[Captioned web images]

----------

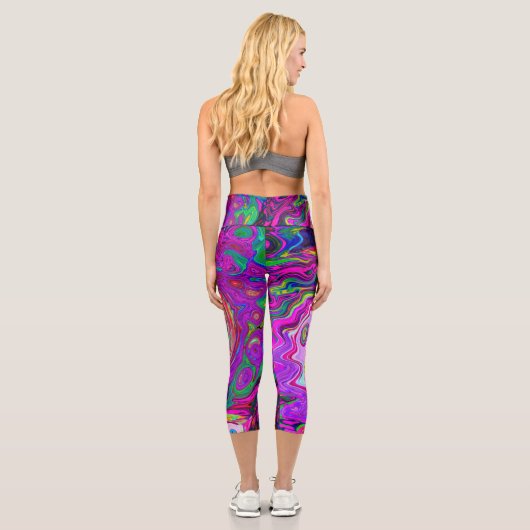 Groovy Abstrakt Retro Magenta Rainbow Swirl Capri Leggings (Rückseite)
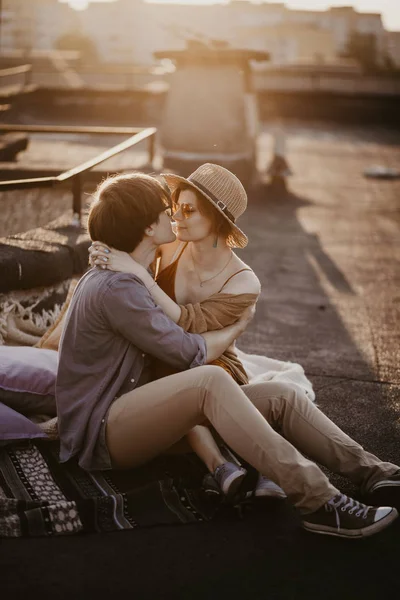 Young Happy Couple Love Sitting Rooftop Building Enjoying Each Other — Stok fotoğraf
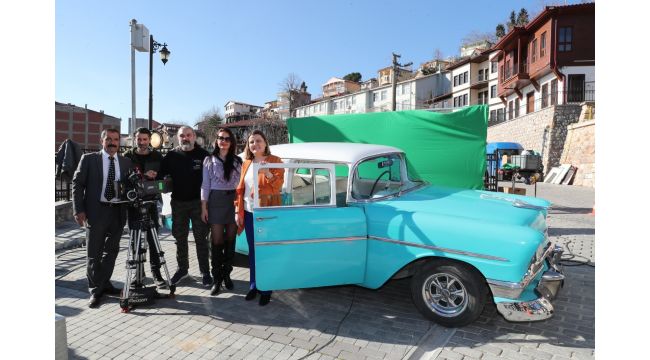 Başkan Hürriyet, yönetmen koltuğuna oturdu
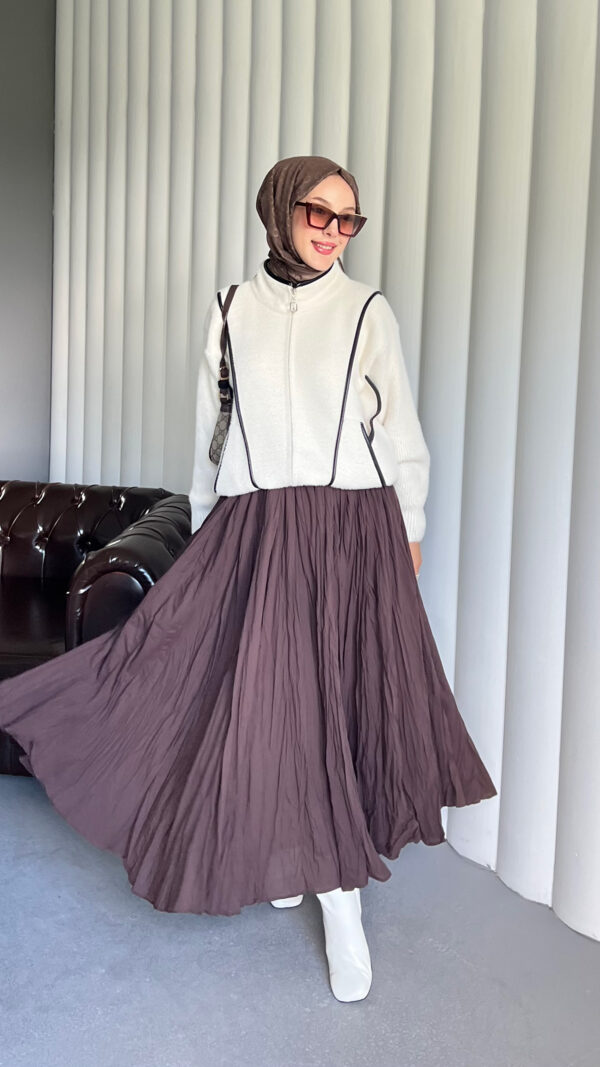 Afra Line Tekstil’in özenle ürettiği Angora Touch Fermuarlı Ceket, yalnızca hepdolu.com’da! Şıklık, kalite ve en uygun fiyat bir arada.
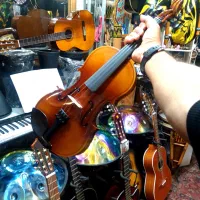 ویولن،ویالن|ویولن|دزفول, |دیوار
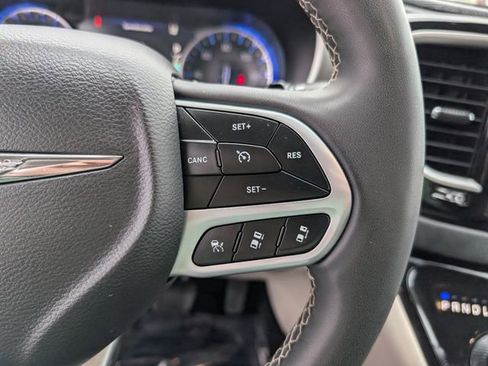 Used 2024 Chrysler Pacifica Touring-L image 12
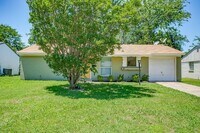 Building Photo - Charming Home located in the heart of Burleson!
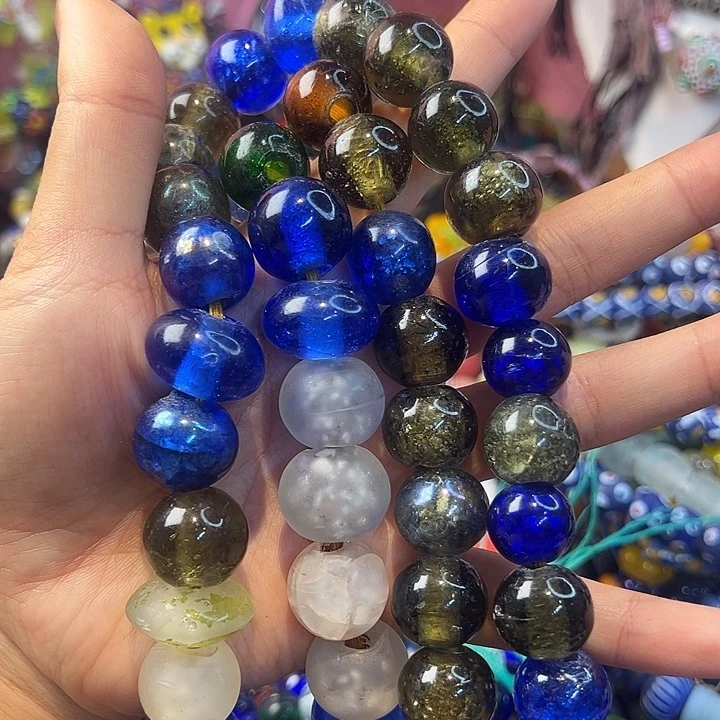 颈饰玻璃尼泊尔琉璃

----------

> **Required work**
What is needed is an exact copy of the entries above, with no images in it.

> **Answer section**
 Groovy Abstrakt Retro Magenta Rainbow Swirl Capri Leggings (Rückseite)
 Young Happy Couple Love Sitting Rooftop Building Enjoying Each Other — Stok fotoğraf
 Başkan Hürriyet, yönetmen koltuğuna oturdu
 Afra Line Tekstil’in özenle ürettiği Angora Touch Fermuarlı Ceket, yalnızca hepdolu.com’da! Şıklık, kalite ve en uygun fiyat bir arada.
 ویولن،ویالن|ویولن|دزفول, |دیوار
 Used 2024 Chrysler Pacifica Touring-L image 12
 Building Photo - Charming Home located in the heart of Burleson!
 颈饰玻璃尼泊尔琉璃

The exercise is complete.